Arrestato per spaccio, il gip lo assolve: “Uso marijuana per la follicolite”

di redazione Blitz
Pubblicato il 5 Aprile 2017 - 11:44 OLTRE 6 MESI FA
Arrestato per spaccio, il gip lo assolve: "Uso marijuana per la follicolite"

Arrestato per spaccio, il gip lo assolve: “Uso marijuana per la follicolite”

GENOVA – Per la procura era un pericoloso spacciatore da chiudere in galera. Ma il gip ha creduto all’imputato e lo ha assolto. Marco, nome di fantasia, arrestato lo scorso novembre a Genova, era solo un barista affetto da follicolite. A processo l’uomo, di 50 anni, è riuscito a dimostrare che quei 917 grammi di marijuana trovati in casa sua gli servivano a lenire i dolori e a farlo dormire serenamente a causa delle infezioni croniche di cui soffre.
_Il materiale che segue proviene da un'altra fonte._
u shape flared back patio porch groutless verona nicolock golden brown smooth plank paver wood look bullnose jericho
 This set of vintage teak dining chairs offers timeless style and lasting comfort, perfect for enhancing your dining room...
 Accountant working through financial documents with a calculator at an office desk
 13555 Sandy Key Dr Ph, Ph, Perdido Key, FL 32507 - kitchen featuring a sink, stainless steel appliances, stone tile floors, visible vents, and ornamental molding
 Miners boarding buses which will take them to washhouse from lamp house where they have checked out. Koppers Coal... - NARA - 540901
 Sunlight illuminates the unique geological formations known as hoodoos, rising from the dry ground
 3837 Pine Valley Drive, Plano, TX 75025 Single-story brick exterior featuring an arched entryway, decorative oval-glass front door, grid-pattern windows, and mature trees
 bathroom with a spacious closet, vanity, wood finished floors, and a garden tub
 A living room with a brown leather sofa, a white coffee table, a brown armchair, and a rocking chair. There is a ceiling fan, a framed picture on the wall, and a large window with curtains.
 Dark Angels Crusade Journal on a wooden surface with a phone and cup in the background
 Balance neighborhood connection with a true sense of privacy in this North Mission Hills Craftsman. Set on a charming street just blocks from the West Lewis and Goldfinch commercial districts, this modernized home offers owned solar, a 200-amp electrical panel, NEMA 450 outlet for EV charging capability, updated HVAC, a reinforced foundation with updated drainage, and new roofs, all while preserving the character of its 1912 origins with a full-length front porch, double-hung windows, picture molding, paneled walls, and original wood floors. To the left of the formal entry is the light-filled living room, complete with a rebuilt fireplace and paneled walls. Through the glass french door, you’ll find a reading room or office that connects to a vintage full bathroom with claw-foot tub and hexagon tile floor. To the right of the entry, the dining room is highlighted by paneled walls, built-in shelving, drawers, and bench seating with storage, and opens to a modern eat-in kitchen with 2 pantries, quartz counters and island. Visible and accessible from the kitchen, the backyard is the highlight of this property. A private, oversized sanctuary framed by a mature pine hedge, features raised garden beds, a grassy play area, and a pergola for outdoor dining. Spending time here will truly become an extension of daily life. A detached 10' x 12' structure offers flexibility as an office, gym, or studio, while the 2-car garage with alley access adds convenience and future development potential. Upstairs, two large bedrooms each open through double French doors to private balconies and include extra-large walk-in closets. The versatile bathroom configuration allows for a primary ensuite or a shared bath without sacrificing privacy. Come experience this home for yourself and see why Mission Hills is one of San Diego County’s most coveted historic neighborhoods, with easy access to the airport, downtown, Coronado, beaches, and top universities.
Il pubblico ministero Giuseppe Longo aveva chiesto per lui una pena di un anno e otto mesi, già scontata di un terzo trattandosi di un processo con rito abbreviato. E pure il primo giudice dinanzi al quale era apparso lo aveva punito severamente: arresti domiciliari senza possibilità di lavorare nel bar di famiglia. Lo scorso 26 novembre la polizia si è presentata all’alba alla sua porta. Come racconta Matteo Indice sul Secolo XIX:

Marco, che divide l’appartamento con il padre, estrae da un cassetto la busta contenente quasi un chilo di stupefacente, ammette di utilizzarlo e spiega il perché: descrive la patologia di cui soffre, una forma molto invasiva e facilmente visibile di «follicolite», precisando che quella inquadrata dalla legge in primis come droga, gli serve da analgesico e sonnifero: «Soprattutto alla sera – spiega – quando a causa di questo problema e delle ferite che ne conseguono fatico a prendere sonno, assumo un infuso ricavato dall’ebollizione di piante di canapa e ne catalizzo gli effetti inalando il fumo d’una sigaretta, ottenuta mischiando tabacco e derivati della canapa stessa».

Resta quattro giorni in carcere, quindi il suo legale Luca Ferretti (l’avvocato che lo ha seguito nell’intero procedimento e ne ha infine ottenuto l’assoluzione), chiede che venga messo almeno ai domiciliari. Marco non può lavorare nel locale di famiglia e resta chiuso in casa per quasi quattro mesi: «Ho fatto dire dai miei parenti che ero sparito per un viaggio, temevo d’essere rovinato anche se a me pareva di non aver fatto nulla».

Finisce a processo, ma qui si rivela decisiva la consulenza della dermatologa Aurora Parodi, prof universitaria e direttrice della clinica dermatologica al San Martino. Prende in carico Marco come un semplice paziente che paga il ticket per le visite, senza chiedere la parcella per lo studio depositato nel corso del processo, e certifica che la sua follicolite è un problema serissimo, cronico, da cui è obbligato a dolorose incisioni cutanee e il consumo di marijuana serve soltanto a fargli sentire meno male e a dormire un po’ di più. E poi il tenore di vita di Marco è in linea con gli stipendi, è incensurato e mai è stato coinvolto in storie di spaccio: «Compro un chilo alla volta – conclude – per fare un po’ di scorta e non essere costretto a piccoli acquisti quotidiani». Il giudice Baldini non ha dubbi: ok che ha ammesso di usare droga, ma il fine è legittimo e soprattutto ammesso dai medici e dalle direttive del Ministero della Salute. Perciò va scagionato.